● INPUT
----------------
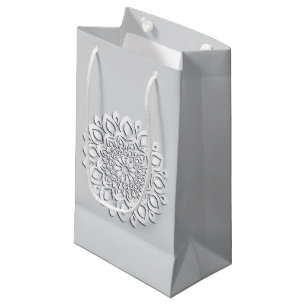 Contemporary White Paper Cut Mandala Small Gift Bag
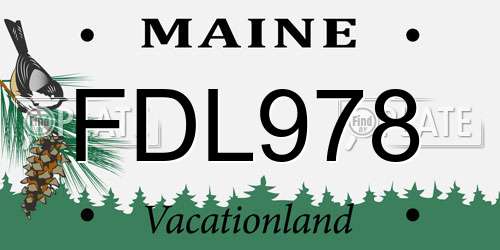 FDL978 Maine License Plate
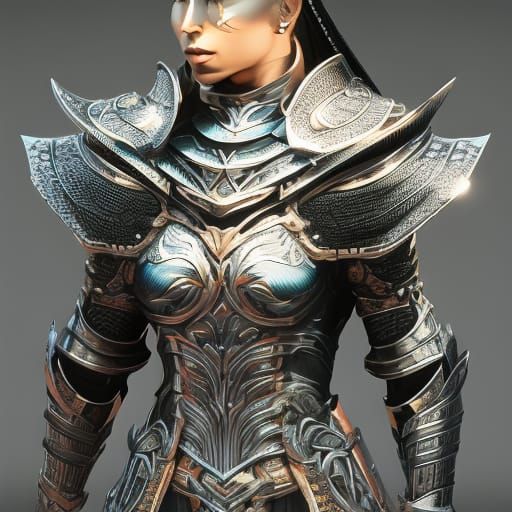 Hyperrealistic Female Knight in Shining Armor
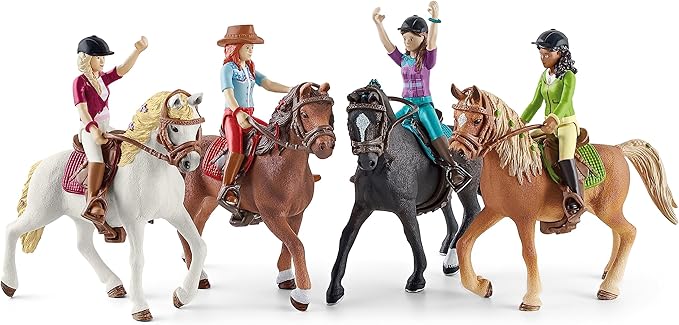 Schleich Horse Club Ride Out 40-Piece Playset Horse Gifts for Girls & Boys Ages 5+ with 4 Horse Rider Girls, 4 Horse Toys and Horse-Riding Accessories - Figurio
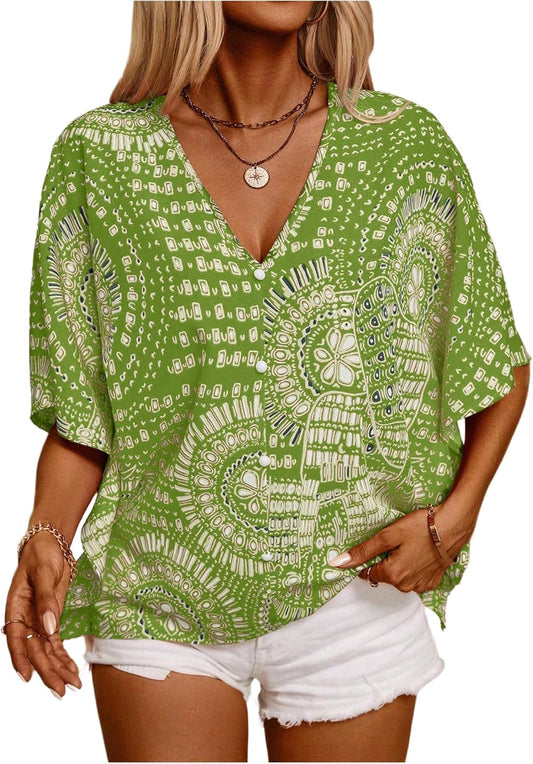 Women's Allover Print Hawaiian Shirt Dolman Short Sleeve V Neck Summer Tops 2025 Vacation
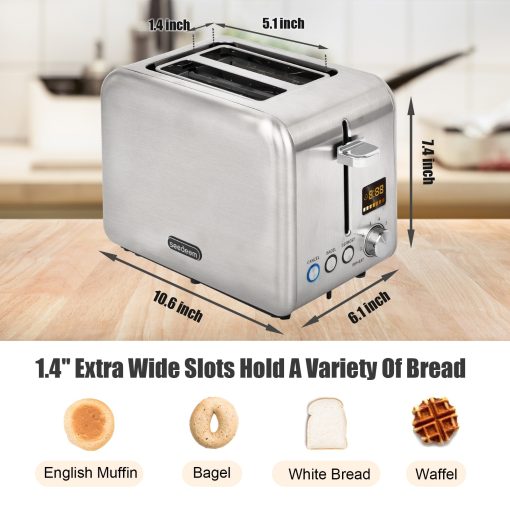 SEEDEEM Toaster 2 Slice, Stainless Steel Toaster with LCD Display - Image 3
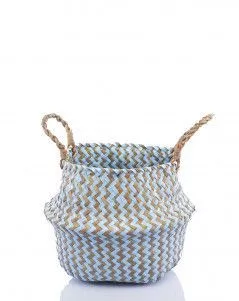 Корзина малая голубой зигзаг
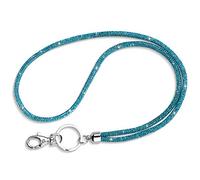 Artscope ID Card Holder Lanyard, 34.8'' All Around Bling Crystal Neck Strap Lanyard Women's Chain ID Badge Holder Necklace (Blue)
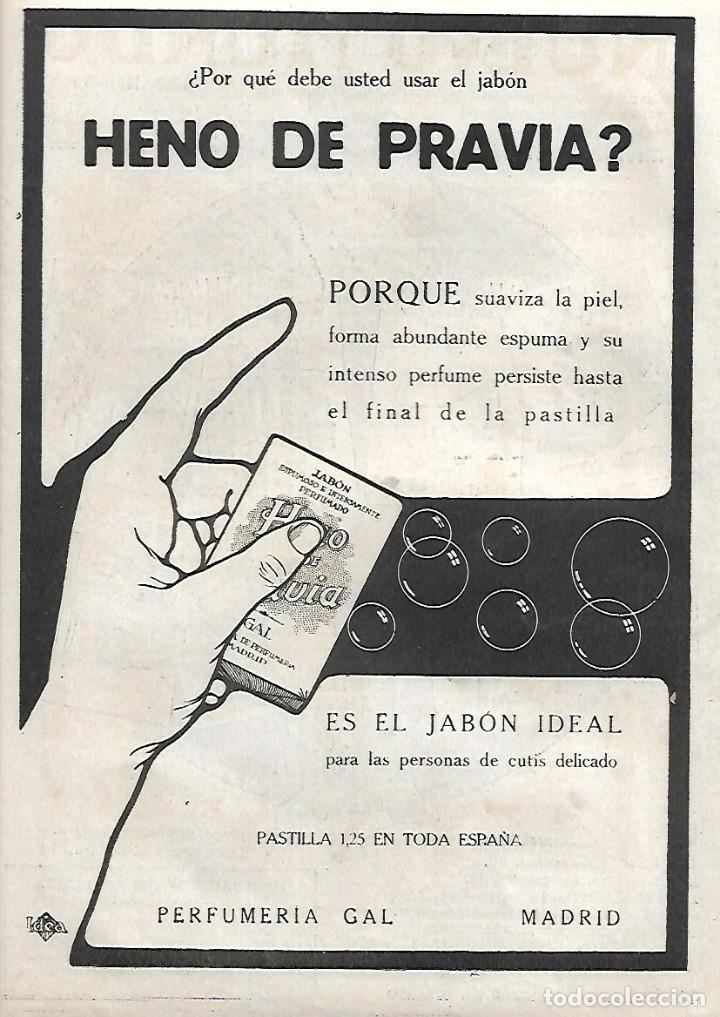 Coleccionismo: A&Ntilde;O 1919 RECORTE PRENSA PUBLICIDAD PASTILLA DE JABON HENO DE PRAVIA PERFUMERIA GAL MADRID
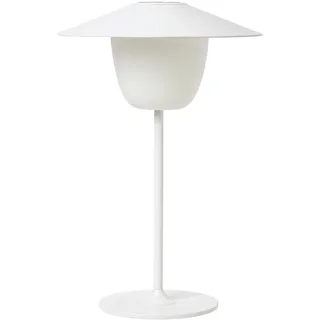 blomus Mobile LED-Tischleuchte -ANI LAMP- | Akku Tischlampe aus Aluminium | Farbe Weiß | Ø 22 x 33H cm | 2 Helligkeitsstufen per Touch | Outdoor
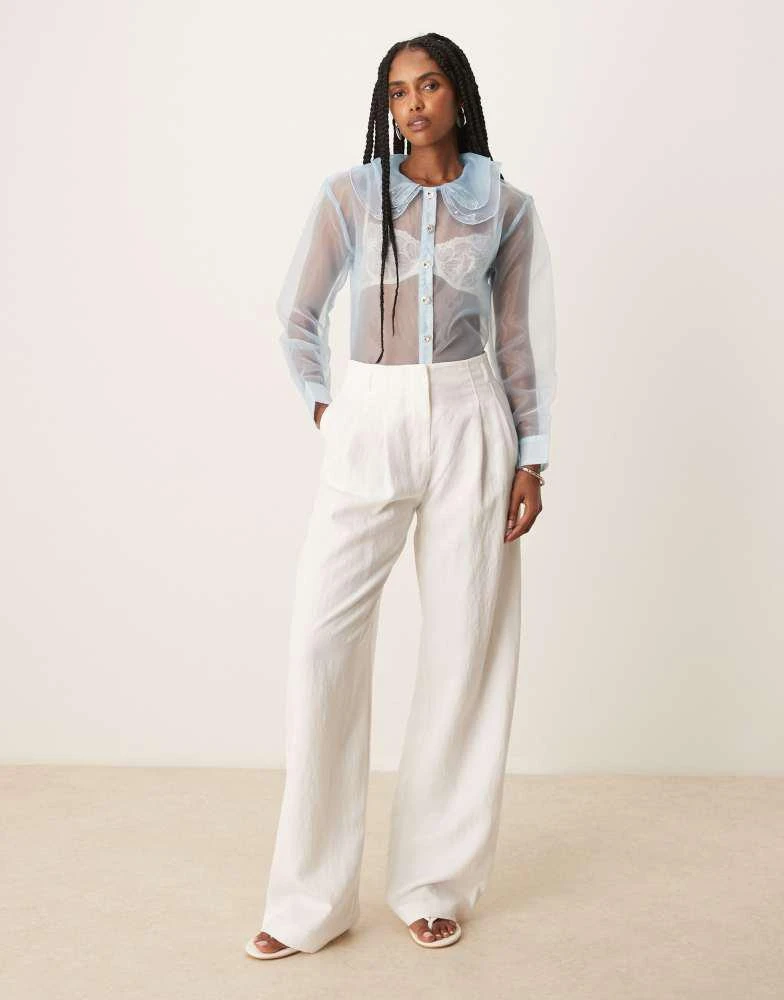 Sister Jane Sister Jane Chicory blouse in sheer organza in light blue 4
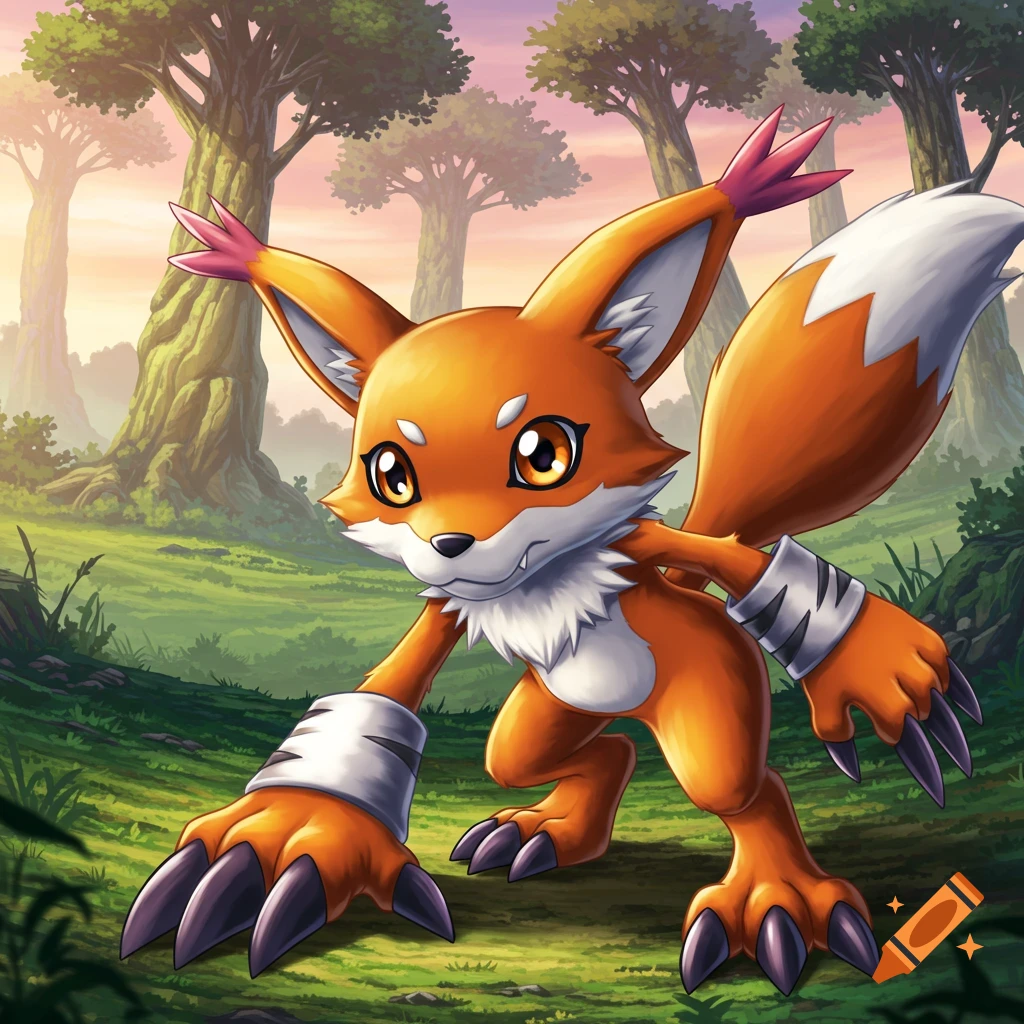 An orange anime fox-like creature stands in a forest clearing.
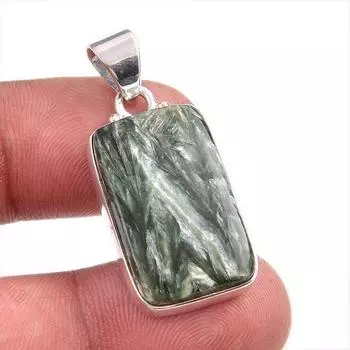 Natural Seraphinite Gemstone 925 Solid Sterling Silver Gift Pendant 1.50 q5G91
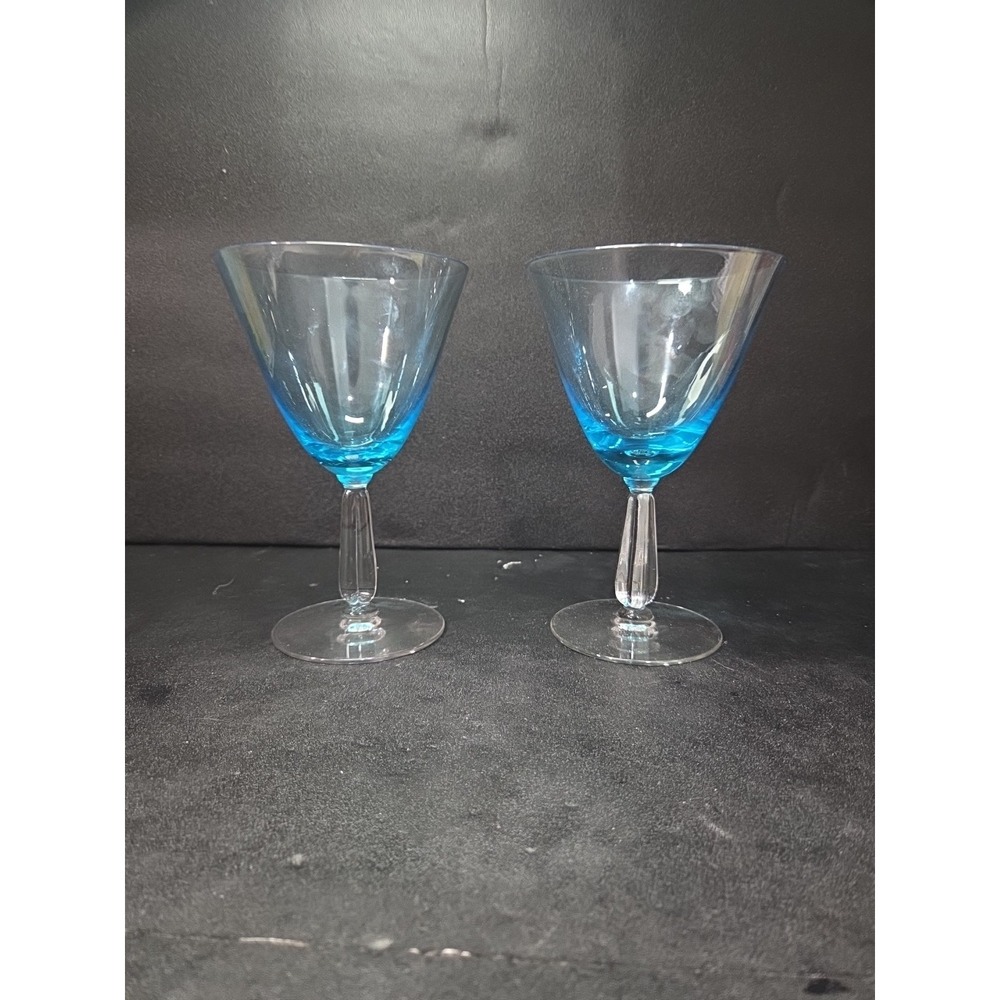 Seneca Blue‎ Belnor Water Glasses, 6.5" Stemmed Goblets, Set of 2, Drinkware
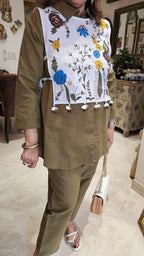 Beautiful Linen Outfit with Embroidered Detachable Yoke with Dori Tie Ups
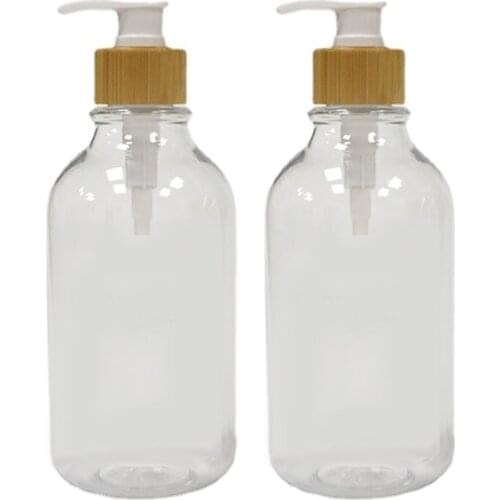 E65F 2pcs Shampoo Pump Bottles Dispenser 500ml Clear Empty Bottles Refillable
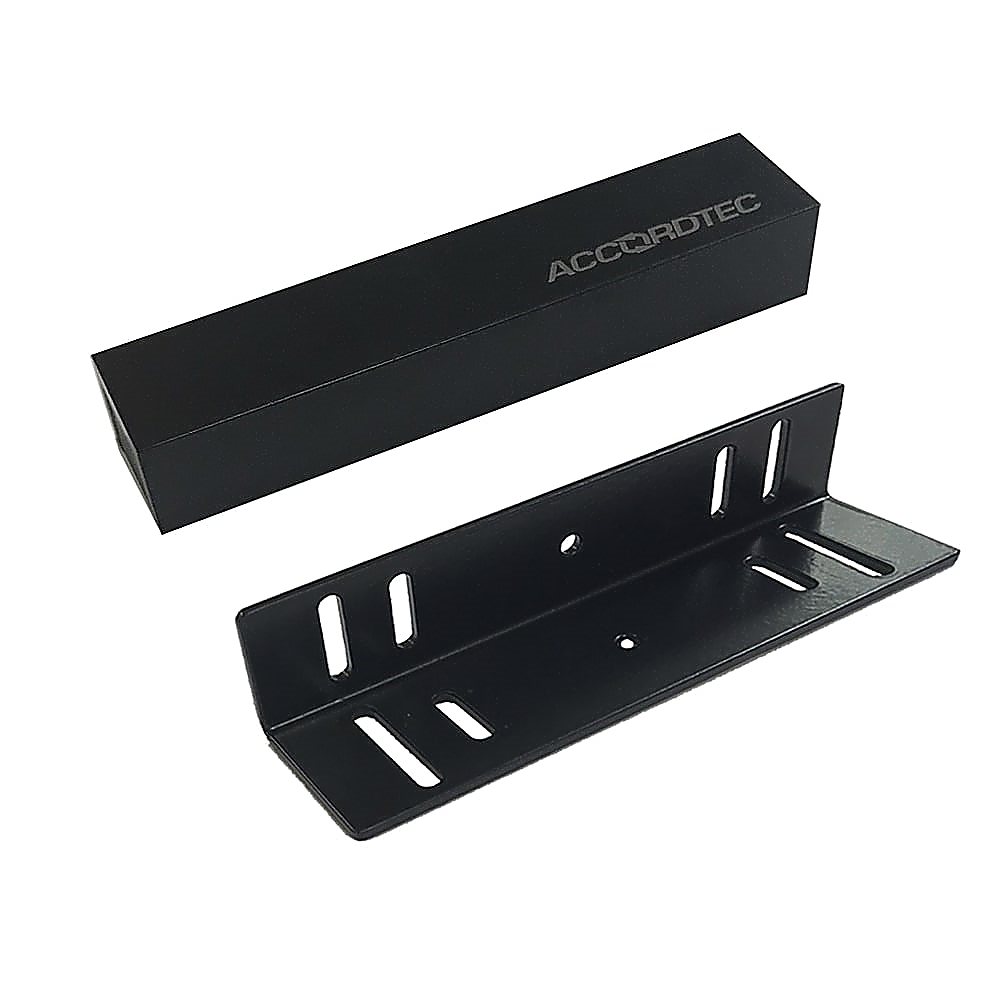 Электромагнитный замок ACCORDTEC ML-200K Premium Black с уголком, 200 кг, черный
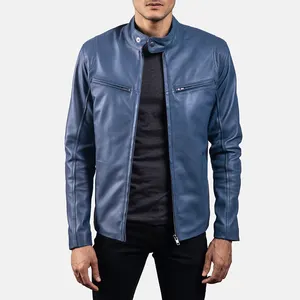 Wholesale Men's New Fashionable Design Blue Leather Biker Jacket With Top Quality Material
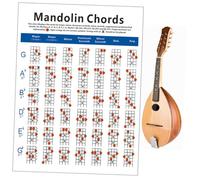 Beaupretty Mandolin Lightweight on Copper Plate Paper Chord Chart and Wear-resistant Mandolin Training Guide and Exercise Diagram for Students and Beginners for Practice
----------------
● ABOUT THIS EXERCISE
Starting with the line that has "Beautiful Linen Outfit" and going on through the line that has "Wholesale Men's New", transcribe the records above exactly, but skip the pictures.

● WRITTEN RESPONSE
 Beautiful Linen Outfit with Embroidered Detachable Yoke with Dori Tie Ups
 E65F 2pcs Shampoo Pump Bottles Dispenser 500ml Clear Empty Bottles Refillable
 Электромагнитный замок ACCORDTEC ML-200K Premium Black с уголком, 200 кг, черный
 Wholesale Men's New Fashionable Design Blue Leather Biker Jacket With Top Quality Material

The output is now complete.